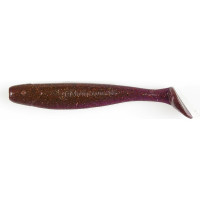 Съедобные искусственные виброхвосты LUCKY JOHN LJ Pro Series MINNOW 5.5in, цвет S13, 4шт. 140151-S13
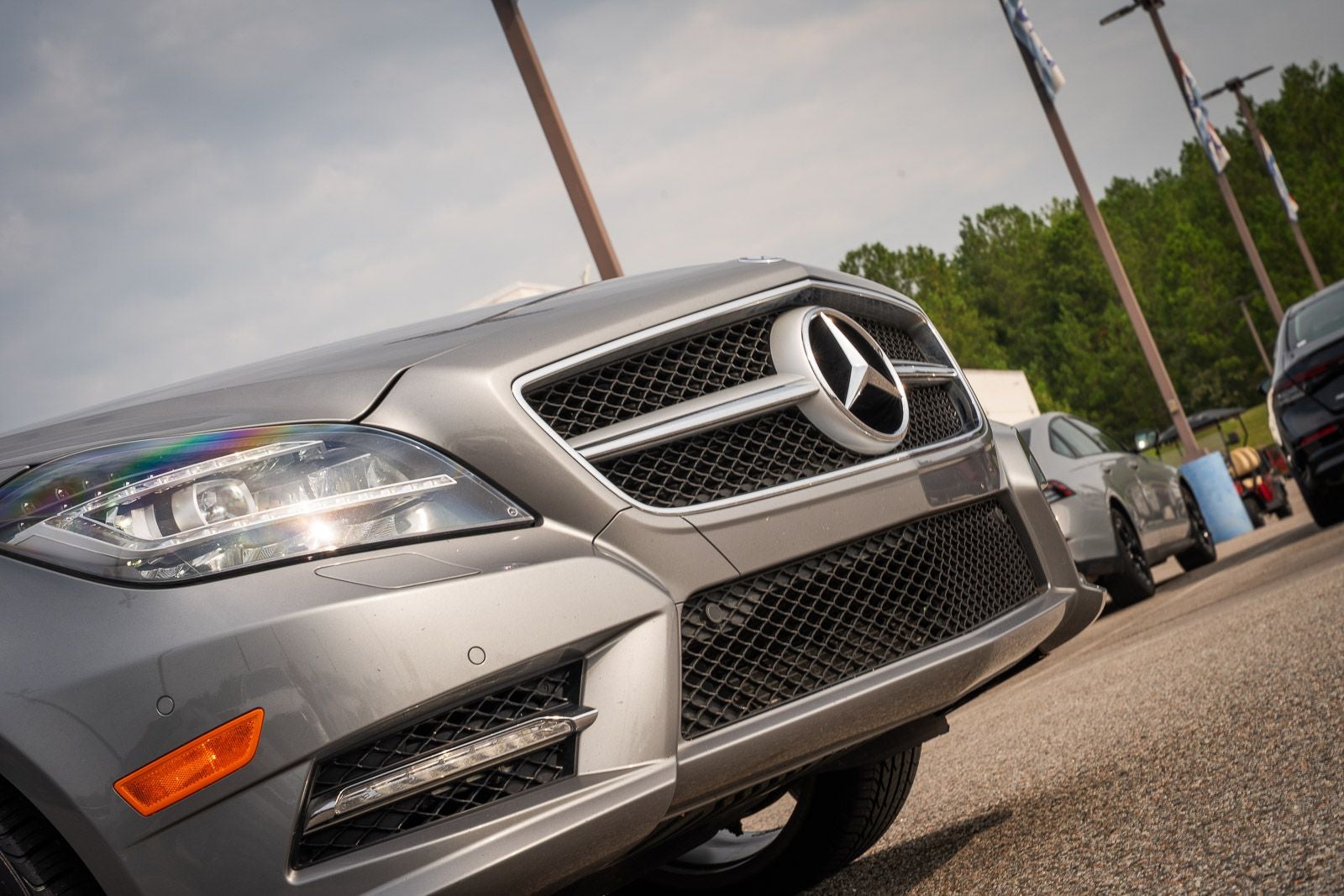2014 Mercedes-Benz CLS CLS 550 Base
┄┄┄┄┄┄
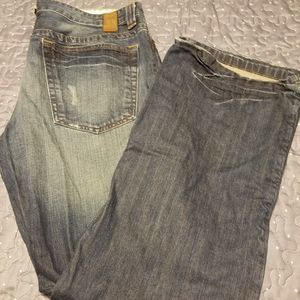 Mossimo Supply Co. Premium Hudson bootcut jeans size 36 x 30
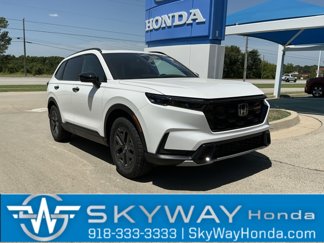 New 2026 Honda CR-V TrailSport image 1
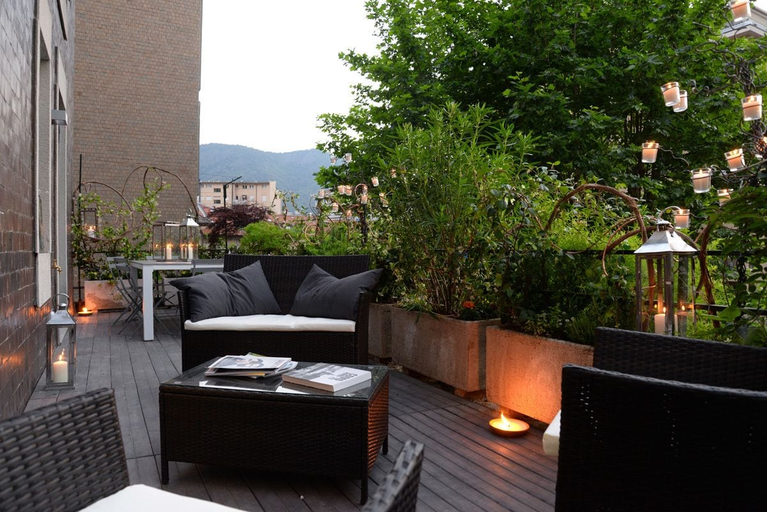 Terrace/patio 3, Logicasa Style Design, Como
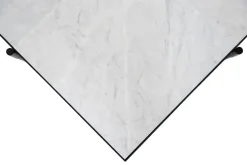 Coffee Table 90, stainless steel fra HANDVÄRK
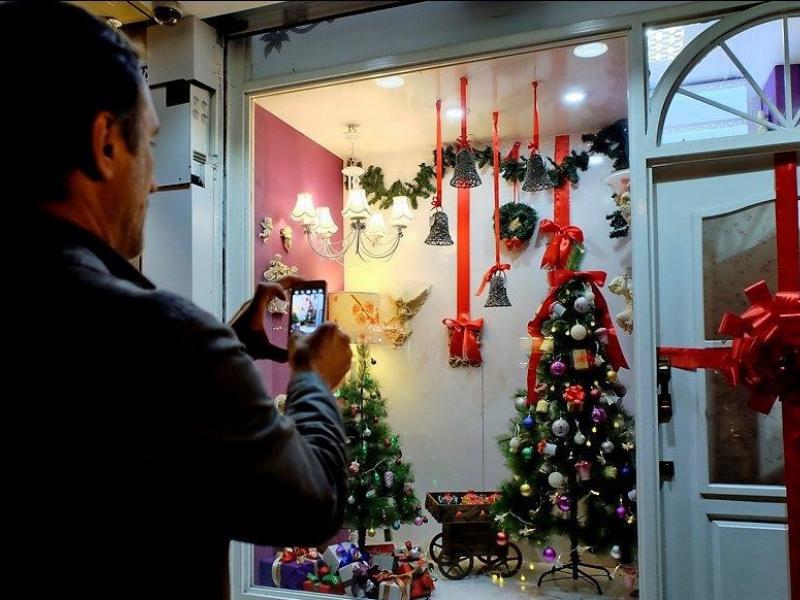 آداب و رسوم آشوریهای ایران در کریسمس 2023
┄┄┄┄┄┄
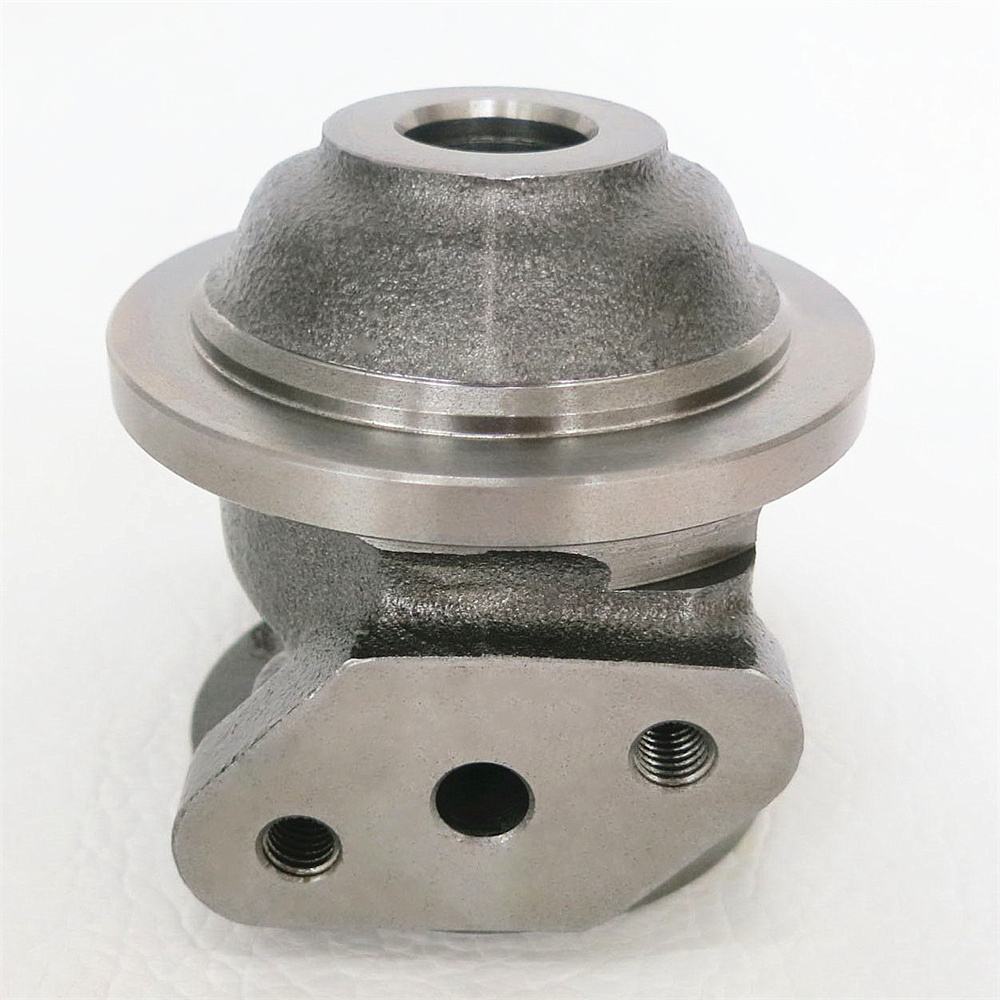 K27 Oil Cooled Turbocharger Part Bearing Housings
┄┄┄┄┄┄
Task statement →
In the data above, take the line with "Mossimo Supply Co.", the line with "آداب و رسوم آشوریهای ایران در کریسمس 2023", and every line between, and set them down exactly without pictures.

The completed task →
 Mossimo Supply Co. Premium Hudson bootcut jeans size 36 x 30
 New 2026 Honda CR-V TrailSport image 1
 Terrace/patio 3, Logicasa Style Design, Como
 Coffee Table 90, stainless steel fra HANDVÄRK
 آداب و رسوم آشوریهای ایران در کریسمس 2023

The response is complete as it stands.